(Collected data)
◇ ◇ ◇ ◇
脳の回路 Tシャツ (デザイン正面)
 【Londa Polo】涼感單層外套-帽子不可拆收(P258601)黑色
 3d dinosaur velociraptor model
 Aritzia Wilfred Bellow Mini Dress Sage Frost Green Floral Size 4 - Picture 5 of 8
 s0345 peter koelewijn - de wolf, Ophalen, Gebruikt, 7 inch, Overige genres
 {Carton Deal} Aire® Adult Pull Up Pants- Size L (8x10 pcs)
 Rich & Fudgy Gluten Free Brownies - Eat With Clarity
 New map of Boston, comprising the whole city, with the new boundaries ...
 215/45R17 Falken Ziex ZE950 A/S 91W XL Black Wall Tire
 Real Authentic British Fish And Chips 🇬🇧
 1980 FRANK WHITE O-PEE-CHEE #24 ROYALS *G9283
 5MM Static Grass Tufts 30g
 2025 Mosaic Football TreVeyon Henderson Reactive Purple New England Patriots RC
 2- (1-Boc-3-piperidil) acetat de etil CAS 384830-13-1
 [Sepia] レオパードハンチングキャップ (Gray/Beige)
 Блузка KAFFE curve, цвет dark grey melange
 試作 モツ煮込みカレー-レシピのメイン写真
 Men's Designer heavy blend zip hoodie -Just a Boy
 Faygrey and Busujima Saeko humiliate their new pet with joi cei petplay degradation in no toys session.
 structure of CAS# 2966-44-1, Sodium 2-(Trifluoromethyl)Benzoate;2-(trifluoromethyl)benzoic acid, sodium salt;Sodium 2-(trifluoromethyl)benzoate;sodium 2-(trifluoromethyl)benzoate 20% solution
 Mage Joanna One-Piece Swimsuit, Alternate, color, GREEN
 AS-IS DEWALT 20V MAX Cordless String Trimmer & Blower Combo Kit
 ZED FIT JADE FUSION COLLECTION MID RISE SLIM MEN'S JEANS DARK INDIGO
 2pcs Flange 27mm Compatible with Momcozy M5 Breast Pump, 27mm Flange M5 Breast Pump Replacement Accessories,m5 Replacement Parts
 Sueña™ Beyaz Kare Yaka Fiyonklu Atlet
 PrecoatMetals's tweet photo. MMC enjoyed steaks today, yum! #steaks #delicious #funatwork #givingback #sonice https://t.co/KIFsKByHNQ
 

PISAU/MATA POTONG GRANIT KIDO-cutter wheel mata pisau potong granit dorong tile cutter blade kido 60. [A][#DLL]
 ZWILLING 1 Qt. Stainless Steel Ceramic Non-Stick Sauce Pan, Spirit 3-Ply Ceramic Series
◇ ◇ ◇ ◇
Where the data above reaches the line holding "ZED FIT JADE", begin printing, and stop after the line holding "Sueña™ Beyaz Kare Yaka Fiyonklu Atlet". Each line must be reproduced exactly, with nothing else added.

§ Exercise response
 ZED FIT JADE FUSION COLLECTION MID RISE SLIM MEN'S JEANS DARK INDIGO
 2pcs Flange 27mm Compatible with Momcozy M5 Breast Pump, 27mm Flange M5 Breast Pump Replacement Accessories,m5 Replacement Parts
 Sueña™ Beyaz Kare Yaka Fiyonklu Atlet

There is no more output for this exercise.